→ **Exercise brief**
Look through the material below for "Black". Copy every line that contains it.
· · · · ·
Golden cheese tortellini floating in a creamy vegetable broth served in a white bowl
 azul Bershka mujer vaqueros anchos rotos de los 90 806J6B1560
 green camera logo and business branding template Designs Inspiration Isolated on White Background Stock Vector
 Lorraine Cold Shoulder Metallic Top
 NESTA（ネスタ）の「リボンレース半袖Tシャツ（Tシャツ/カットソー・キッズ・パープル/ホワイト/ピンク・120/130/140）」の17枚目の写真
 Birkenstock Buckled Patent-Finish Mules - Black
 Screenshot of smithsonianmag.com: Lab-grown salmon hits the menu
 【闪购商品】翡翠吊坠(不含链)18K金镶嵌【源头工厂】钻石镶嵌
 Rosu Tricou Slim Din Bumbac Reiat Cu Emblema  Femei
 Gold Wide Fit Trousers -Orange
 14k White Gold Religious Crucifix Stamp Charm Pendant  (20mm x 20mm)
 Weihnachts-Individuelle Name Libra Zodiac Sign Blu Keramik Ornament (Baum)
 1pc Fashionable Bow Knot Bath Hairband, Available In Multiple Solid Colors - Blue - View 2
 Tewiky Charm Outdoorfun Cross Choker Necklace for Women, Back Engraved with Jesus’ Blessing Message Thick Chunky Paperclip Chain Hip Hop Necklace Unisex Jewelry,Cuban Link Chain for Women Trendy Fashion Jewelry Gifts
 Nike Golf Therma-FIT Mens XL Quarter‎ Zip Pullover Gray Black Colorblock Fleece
· · · · ·
→ **Solved problem**
 Birkenstock Buckled Patent-Finish Mules - Black
 Nike Golf Therma-FIT Mens XL Quarter‎ Zip Pullover Gray Black Colorblock Fleece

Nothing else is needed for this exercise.